David Cameron warns Londoners against electing a Labour mayor
David Cameron has warned Londoners against electing a Labour mayor, as he stressed it was vital to maintain a close relationship between government and City Hall.
Speaking at a rally for Tory candidate Zac Goldsmith in south-west London, less than 48 hours before polls open, the Prime Minister heralded his close relationship with the outgoing mayor Boris Johnson, who joined the pair at the event.
Mr Cameron insisted that it was vital to have a Conservative mayor and government working "hand in glove" to deliver for Londoners.

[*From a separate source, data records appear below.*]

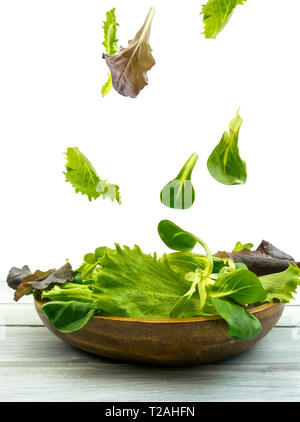 Esplosione di insalata con rucola, barbabietole, spinaci e i germogli in bright tavola di legno su sfondo bianco Foto Stock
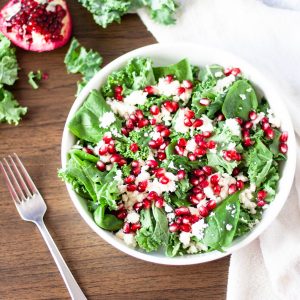 Overhead view of a bowl of pomegranate kale and feta salad on a wooden table with a fork beside it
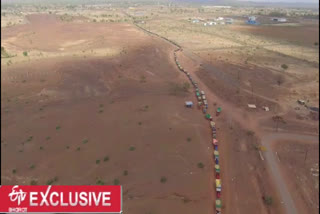 Farmers waiting for their turn with a long Queue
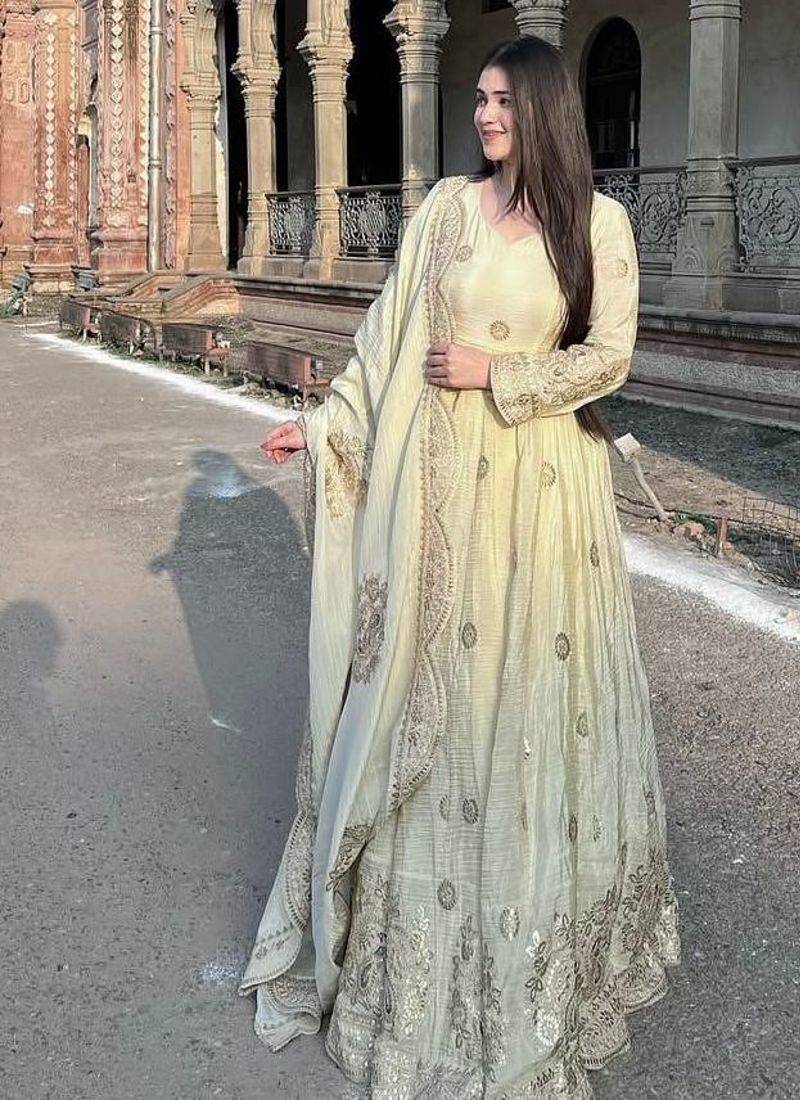 Cream anarkali gown with intricate zari embroidery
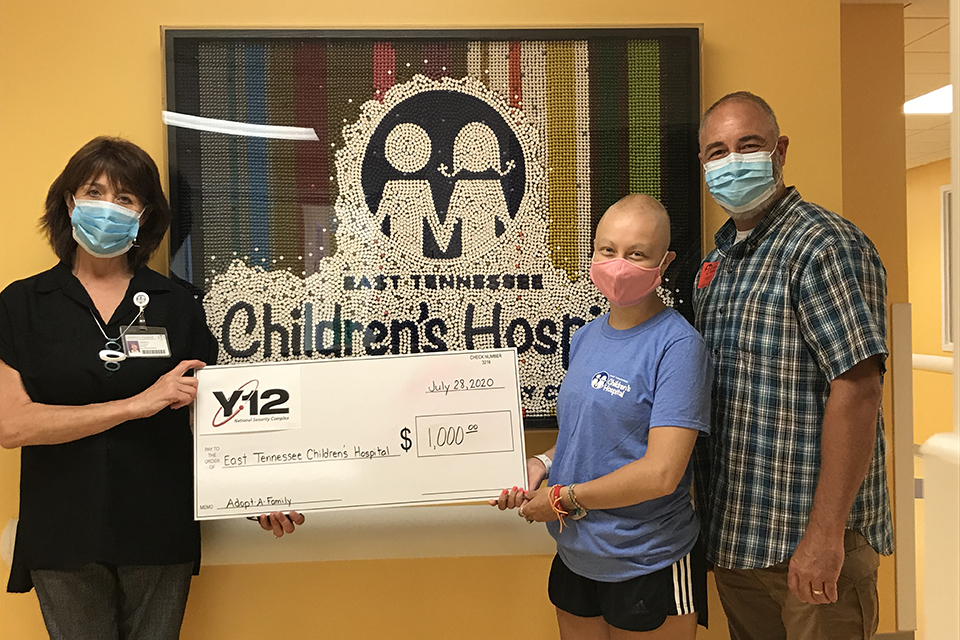 Y-12’s John Fellers and his daughter, Josie, present a check to Cheryl Allmon, director of Volunteer Services and Programs at ETCH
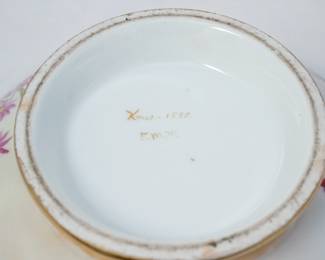 Closeup of the lovely porcelain bowl circa 1898, hand-painted with flowers over a shaded pastel background with gilded scrolls at the rim with an acanthus scroll cartouche containing initials. Signed on the base with "Xmas 1898 E. M. W."   
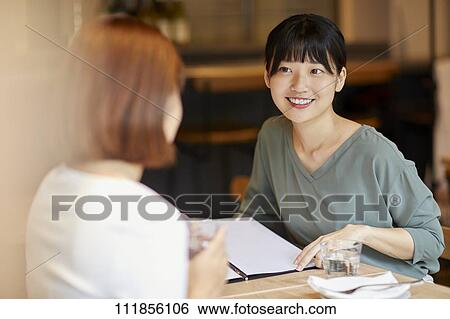 Stock Photograph - Japanese women at a restaurant. Fotosearch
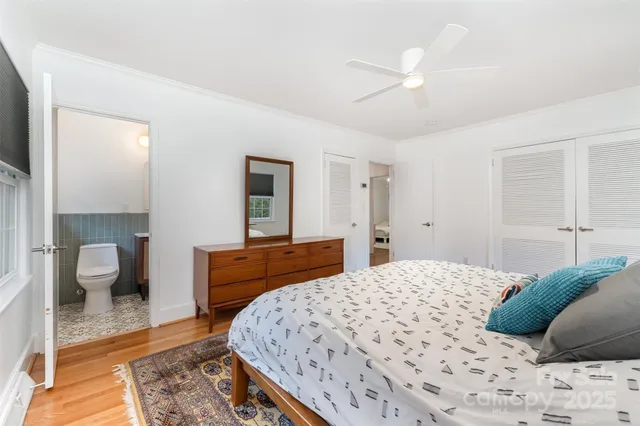 a bedroom with a large bed and a couch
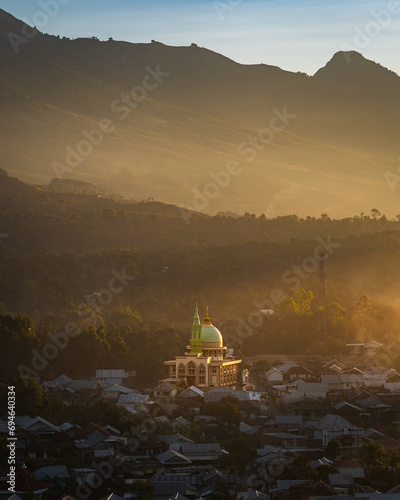 Sunset over the village of Sambaloen. Golden hour. Mosque in the foreground. Around the buildings. Lombok. Indonesia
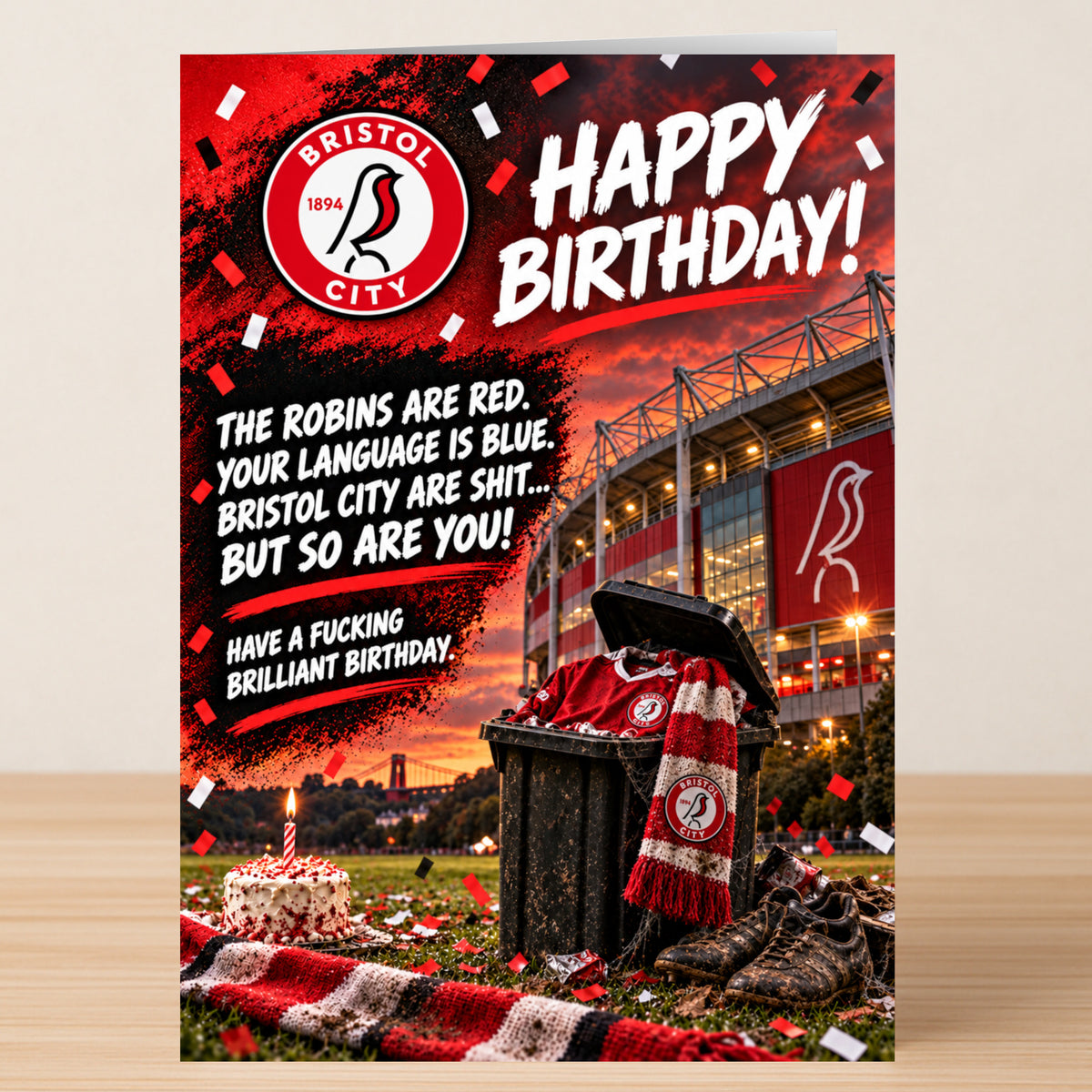 A Bristol City – Funny Birthday Card showing a soccer stadium, a trash can filled with team apparel, and a cake, with text reading: “The Robins are red. Your language is blue. Bristol City are shit... but so are you!”.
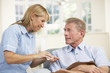 © Monkey Business - Senior man visited at home by nurse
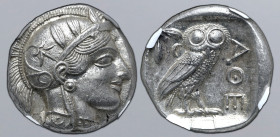 Attica, Athens AR Tetradrachm. Circa 454-404 BC. Head of Athena to right, wearing crested Attic helmet ornamented with three olive leaves above visor ...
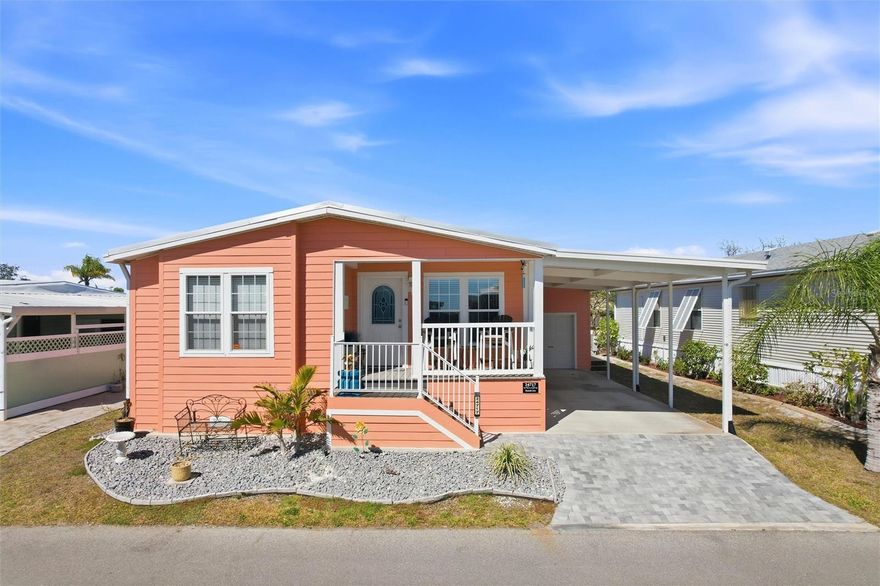 Gorgeous, nearly new 3 Bedroom, 2 Bath Home in the highly desired Harbor View On The Bay! This Gated, 55+, Active Community is located right on the Harbor. Resort style amenities include a Heated Saltwater Pool, Pickleball Courts, Dog Park, Fishing Pier, Putt-Putt, Tiki Huts & Fire Pit to enjoy the Sunsets! Brand-New Clubhouse, and Fitness Center. The Home features a spacious Kitchen with Stainless Steel Appliances, and a large Center Island perfect for entertaining. The open concept  Living and Dining areas are filled with natural light, and details such as Crown Moulding add to the style. The generous Primary Suite offers a walk-in-closet, En-Suite with a Private Bath, Glass Shower Doors, Double Sink Vanity, while two additional Bedrooms provide flexibility for Guests or a Home Office. Inside Laundry Room, Covered Carport, and a Golf Cart Garage for extra Storage, bonus! Front Porch and the Backyard Deck are maintenance free Composite. Come see why so many enjoy this Carefree - Maintenance Free Lifestyle. Just minutes from Downtown Punta Gorda. Don't miss this one!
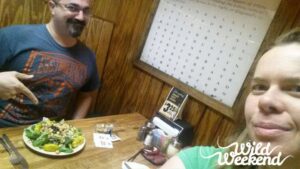 selfie of two people at a restaurant table and one is pointing at a salad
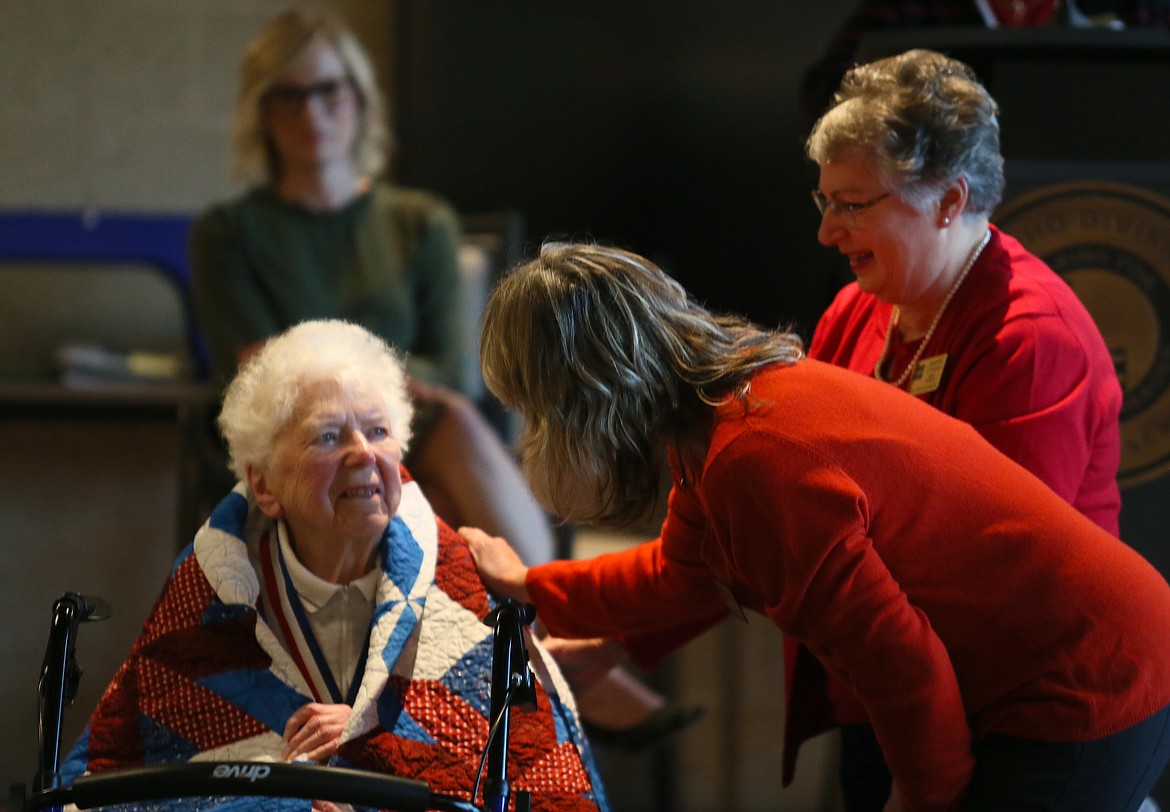 World War II veteran Gladys Stevens looks up at Kathy Whetstone after she receives a Quilt of Valor during a Veterans Day ceremony Friday. Also pictured: Giannine O’Connor.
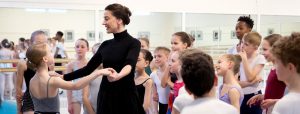 The royal ballet school launches enlighten teacher training webinars A teacher demonstrating with a student surrounded by a group of young dancers.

He said: "We can have Crossrail 2, we can have investment, we can have extra jobs with a Conservative mayor working with a Conservative Prime Minister."
The three Conservative MPs were at Grey Court School in Mr Goldsmith's constituency of Richmond Park and North Kingston ahead of Thursday's election.
A poll released on Tuesday found Mr Goldsmith lagging nine points behind Labour's Sadiq Khan, but Mr Cameron joked that he "could tell you a thing or two" about polls following last year's general election success.
The Prime Minister briefly joined in with supporters' chants of "back Zac" during his speech, in which he praised the work achieved by the outgoing Mr Johnson as "outstanding".
He warned voters if they voted Labour they would become "lab-rats" in an experiment, while Mr Johnson told the rally in Richmond that they would have to put up with "high-taxing, high-spending Corbynistas".
Mr Goldsmith then echoed the Prime Minister's suggestion that a Tory alliance in City Hall and government would offer Londoners the best deal. He said he would offer "more homes, better transport, safer streets, cleaner air" by working with Mr Cameron.
Mr Goldsmith also said he would continue campaigning right up until polls opened on Thursday, including joining a London Assembly Conservative candidate who works as a milkman on his daily round on Wednesday morning.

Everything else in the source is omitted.